Abstract

HISTORY: A 20 year old female collegiate rower presents to the training room with gradual onset of right knee pain and decreased range of motion. She is unable to identify specific time or mechanism of injury. Her pain is in the posterior knee and worsens with knee flexion and extension against resistance. She particularly notices this while on the ergometer and has had to completely halt her training regimen. She has no history of prior knee injury. PHYSICAL EXAMINATION: The right knee is without obvious deformity, erythema or effusion. There is tenderness to palpation of the popliteal space, there is no palpable lesion. Range of motion is limited at full flexion. She has pain with full flexion and extension against resistance. Lachman is intact though produces pain. Posterior drawer and valgus/varus testing are intact. The remainder of the knee exam is unremarkable. DIFFERENTIAL DIAGNOSIS: 1. ACL sprain. 2. Popliteal cyst 3. Meniscus injury TEST AND RESULTS: Point of care US: No effusion. No Baker's cyst. Xray right knee: No osseous abnormalities.
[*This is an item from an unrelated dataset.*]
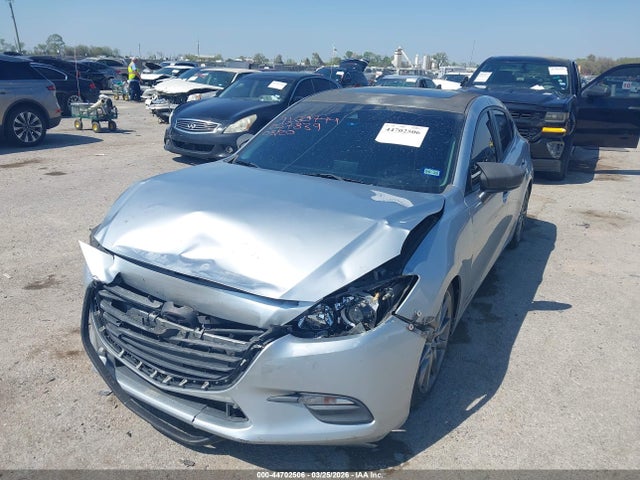 Aukcja sprzedaży 2018 Mazda Mazda3 Touring, vin: 3MZBN1L38JM267839, numer aukcji: 44702506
MRI right knee: Cystic lesion centered at the junction of the posteromedial ACL and lateral meniscal root bundles FINAL/WORKING DIAGNOSIS: Ganglion cyst associated with the ACL/meniscus. TREATMENT AND OUTCOMES: The athlete worked closely with her ATs on a rehab protocol with no improvement in symptoms. Injection therapy with corticosteroid versus arthroscopic intervention were discussed. Ultimately, she was taken to the operating room for successful arthroscopic debridement of the cyst. She was able to return to rowing within weeks of surgery and did not miss any competition.